If I did not think they would be a good teacher I also told them that. I said something to the effect that they could use me if they wished, but here is what I would say and I told them exactly what I thought of them as potential teachers. I assume they did not use my name.
Now on the other side of the coin, I am asked to write reference letters for teachers I have had when I was the principal and it is often a difficult task. After all, my integrity is on the line as well as the teacher's future livelihood. I have to walk a very fine line often but an experienced hiring person knows what to look for in a letter and can often determine the quality of the candidate from what is not said as much as what is said so I am not too worried about what I don't say.
If you are in mid career, they always need t see the name of your present principal but if that is not going to be so good, you can ask your department head to write something for you or some of your teaching colleagues.

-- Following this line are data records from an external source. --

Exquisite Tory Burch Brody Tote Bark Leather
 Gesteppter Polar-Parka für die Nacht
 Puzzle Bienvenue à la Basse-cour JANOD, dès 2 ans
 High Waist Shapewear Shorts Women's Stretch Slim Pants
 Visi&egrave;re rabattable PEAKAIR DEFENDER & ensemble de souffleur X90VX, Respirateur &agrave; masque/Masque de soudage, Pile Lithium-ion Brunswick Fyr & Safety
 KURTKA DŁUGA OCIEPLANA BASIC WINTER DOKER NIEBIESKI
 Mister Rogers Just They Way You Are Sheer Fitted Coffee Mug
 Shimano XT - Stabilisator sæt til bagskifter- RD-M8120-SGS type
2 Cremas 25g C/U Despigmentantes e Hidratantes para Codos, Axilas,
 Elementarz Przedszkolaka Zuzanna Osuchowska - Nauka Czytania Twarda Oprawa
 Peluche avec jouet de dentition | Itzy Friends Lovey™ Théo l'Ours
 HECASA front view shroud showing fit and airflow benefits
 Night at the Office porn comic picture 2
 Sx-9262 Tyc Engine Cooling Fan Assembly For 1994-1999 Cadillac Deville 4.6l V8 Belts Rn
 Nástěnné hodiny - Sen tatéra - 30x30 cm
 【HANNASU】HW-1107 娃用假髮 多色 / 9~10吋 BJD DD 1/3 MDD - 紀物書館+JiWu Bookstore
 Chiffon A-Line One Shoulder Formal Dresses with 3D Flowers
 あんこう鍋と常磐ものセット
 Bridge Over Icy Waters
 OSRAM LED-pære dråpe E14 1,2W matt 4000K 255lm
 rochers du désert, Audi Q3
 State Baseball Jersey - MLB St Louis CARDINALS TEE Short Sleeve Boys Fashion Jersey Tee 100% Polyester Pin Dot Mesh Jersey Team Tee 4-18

In fact, I would actually get them to write something ahead of time and keep a file of reference letters. that you can show or send if they are required. Please read what I said previously about resume writing, because if your resume is no good no amount of letters will help you.
If you are retired and you have no immediate supervisor ( other than your spouse!) you have a challenge. This is where you keep all of your notes and letters that you accumulated over your career and use them explaining that you are retired.
If you want to teach in Asia, the older you are the better it is because age is respected. If you look at TIE online, they actually tell you which countries there are age restrictions so this is a helpful web site.